Halimun di cakrawala semakin menebal, tak lama gerimis pun datang. Pak Kiai dan dua cucunya masih asyik bercanda dan berlarian di tengah rumput hijau, tidak mempedulikan rintik hujan yang mulai menerpa wajah. Tidak jauh dari mereka dua air terjun dengan suara khasnya bagai irama musik alam yang memecah kesunyian. Bu Nyai yang duduk di gazebo tersenyum melihat tingkah Pak Kiai yang seolah larut pada masa kecilnya, bebas tertawa dan berlarian di tengah rintik hujan. Kali ini dia bermain bersama cucu-cucunya.
Bunga sepatu , pacar air, kana, kertas yang berwarna warni menghiasi tepian rumput yang menghijau, menambah indahnya tempat ini, wisata alam yang sangat diminati. Tiga puluh delapan tahun yang lalu Bu Nyai melaksanakan KKN di desa terpencil ini. Udaranya sangat sejuk dan pemandangan alamnya sangat memukau , sayang belum ada yang mempedulikan, kemudian dia dan teman-teman mahasiswa KKN menemukan tempat ini, yang dahulu masih dianggap tempat yang menakutkan.
***
Fatimah dan keempat temannya turun dari kendaraan yang disewa kampus tepat di depan rumah Bapak Kepala Dusun. Dia agak kesulitan ketika harus mengangkat kopor dan tas yang besar.
"Bisa aku bantu?" Salah satu teman yang baru dia kenal di kendaraan menawarkan bantuan.
"Duh, senyumnya menawan , wajahnya bersih dan bercahaya, mungkin dia rajin berwudhu dan salat," pikir Fatimah.
"Terima kasih ," jawab Fatimah seraya memberikan kopor pada teman barunya.
Kelima mahasiswa KKN itu berjalan menuju rumah Pak Kadus yang mempunyai halaman luas, kanan kiri rumah ditumbuhi pohon cengkih dan buah-buahan. Pak Kadus dan istrinya menyambut mereka di depan rumah. Senyum mengembang penuh suka cita. Menjadi tempat posko mahasiswa KKN merupakan suatu kehormatan bagi mereka.

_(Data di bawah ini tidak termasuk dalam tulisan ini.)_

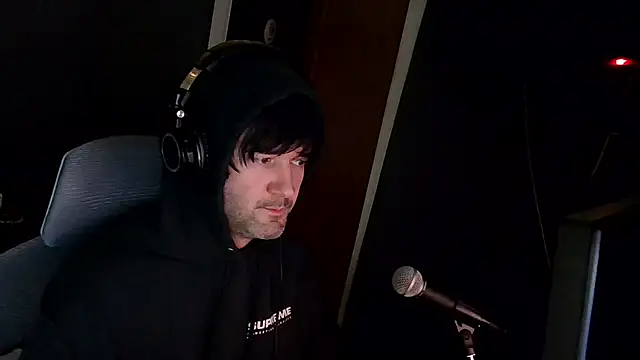 Snapshot of Stix_Zadinia chatting on March 20, 2026, 3:44 am Stix Zadinia online show from March 20, 2026, 3:44 am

Ketika memasuki ruang tamu sederhana tetapi luas, di meja tamu sudah tersedia teh dan banyak makanan khas desa. Ada singkong yang diberi gula aren, jagung rebus serta tahu bacem, membuat perut mereka kembali lapar. Begitu tuan rumah mempersilakan makan, kelima mahasiswa itu segera menikmati hidangan langka itu. Kemudian kelima mahasiswa itu memperkenalkan diri. Mahasiswa yang menolong membawakan kopor Fatimah bernama Stephanus Wisnu Anoraga. Vidia mahasiswa Fakultas Hukum, Kuncoro, Teknik Kimia dan Setiyono, dari Fakultas Peternakan.
Bila pagi hari sesudah salat subuh Fatimah dan Vidia menuju ke sungai yang tidak jauh dari rumah untuk buang hajat besar, karena rumah Pak Kadus tidak memilik WC. Seminggu sekali mereka berlima menuju sendang untuk mencuci pakaian. Ada dua sendang yang bersih airnya, sebelah kiri pohon beringin untuk laki-laki dan sebelah kanannya untuk perempuan. Ketika menuju sendang mereka harus melewati pematang sawah serta jembatan bambu di atas sungai kecil yang airnya bening karena belum tercemar.

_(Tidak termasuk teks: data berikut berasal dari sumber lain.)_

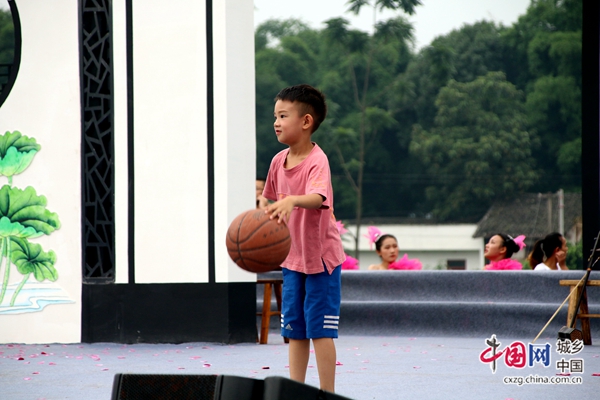 （转载）四川：宜宾市南溪区首届家风文化旅游节在裴石镇举行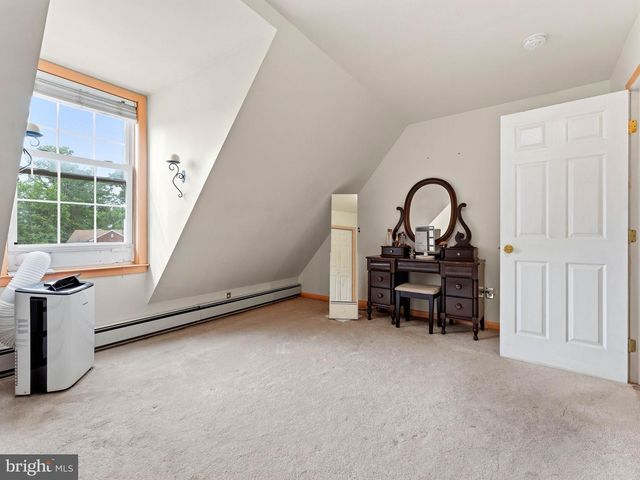 106 MERION AVE, Aldan, PA 19018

Setiap berada di sendang para mahasiswa KKN menatap bukit yang terlihat jelas . Mereka merasa penasaran dengan cerita penduduk yang mengatakan bahwa di atas bukit yang jalannya sangat terjal itu ada sepasang air terjun. Namun tempat itu sangat jarang dikunjungi karena selain jauh dan sulit dijangkau ada mitos kalau ada sepasang kekasih atau suami istri yang mengunjungi ke sana pasti hubungan mereka akan putus.